The Brookings City Council on Monday decided to explore the possibility of providing the Port of Brookings Harbor with police patrols to help battle increasing crime there.
The effort will begin with a feasibility study to determine whether it should done through an intergovernmental agreement — or annexation.
Port Director Ted Fitzgerald said public drunkenness and disorderly conduct are just some of the issues that have cropped up at the port in the past two months, possibly as a result of the voter’s rejecting a property tax increase that would have beefed up sheriff’s patrols in unincorporated parts of the county.
“Most of the issues have been disorderly conduct and drunkenness in public, mainly with transient and homeless people on the east side of the basin,” Fitzgerald said.
Fitzgerald said, “By the beach, at night, things get pretty rowdy out there. A lot of wildness and refusal to do as directed, or lighting fires.”
Telling these people to leave has not been successful.
“In my interchanges with people, when the statement is made, ‘We’ll be forced to call the sheriff,’ the average response is, ‘Good luck with that,’” Fitzgerald said.
“There’s a variety of things we’ve been doing to minimize this,” he said of problems on the port property. “But it’s difficult or impossible to ask any law enforcement agency to do regular patrols. It’s too big, too spread out.”
Call in the cops
Sheriff John Bishop, whose jurisdiction encompasses the entire port district from the California border to Pistol River, said he and Fitzgerald plan to meet and discuss the sheriff’s office involvement.
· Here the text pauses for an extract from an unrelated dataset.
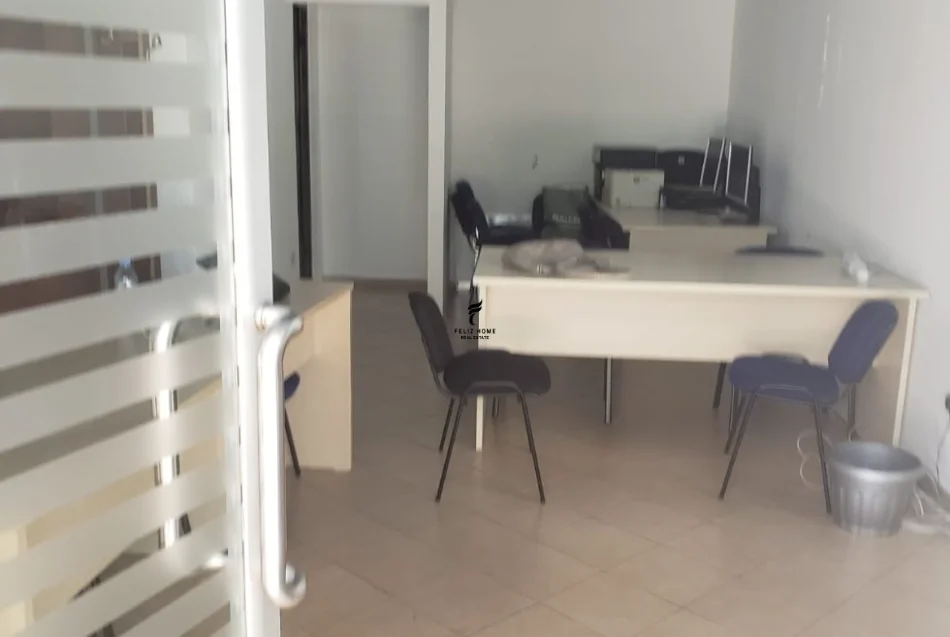 Tirane, jepet me qera dyqan Kati 0, 55 m² 700 € (QENDER)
“A lot of the areas we have issues with aren’t on port property,” Bishop said. “The Best Western — that’s not port property. Sebastian’s — that’s not port property. Blue Water Cafe, Harbor Sanitation District — not port property. The beach — the sand — that belongs to the state.”
And it’s not as easy as merely patrolling the port, Bishop said.
“”It’s not going to be, ‘Here’s this amount of money; we’ll give you this amount of patrol,’” he added. “There’s going to be a whole lot of other things that have to be addressed.”
He said the area to be patrolled would likely only encompass the port property in Harbor and not the entire district.
The port’s charter permits the board to create such a district; some ports are even operated by cities or counties in the state.
Fitzgerald said the situation at the port has “never been OK,” even though some believe the failure of a tax levy in May to increase sheriff’s patrols is to blame for crime in unincorporated areas.
The sheriff’s office has four officers to patrol the 1,627 square miles that make up Curry County. The Brookings Police Department has nine patrol officers to cover 3.8 square miles.
“It’s always just a situation we’ve had to work with,” Fitzgerald said. “The port is a great big place. The sheriff could never have enough people to cover it completely. It takes a lot of time to maintain any kind of a presence. And it’s out of our realm of expertise. None of our people are trained law enforcement professionals or EMTs or anything.”
“Proactive law enforcement is not what the sheriff can offer,” said Mayor Ron Hedenskog. “He’s reactive, and has been for years. He gets a call and reacts.”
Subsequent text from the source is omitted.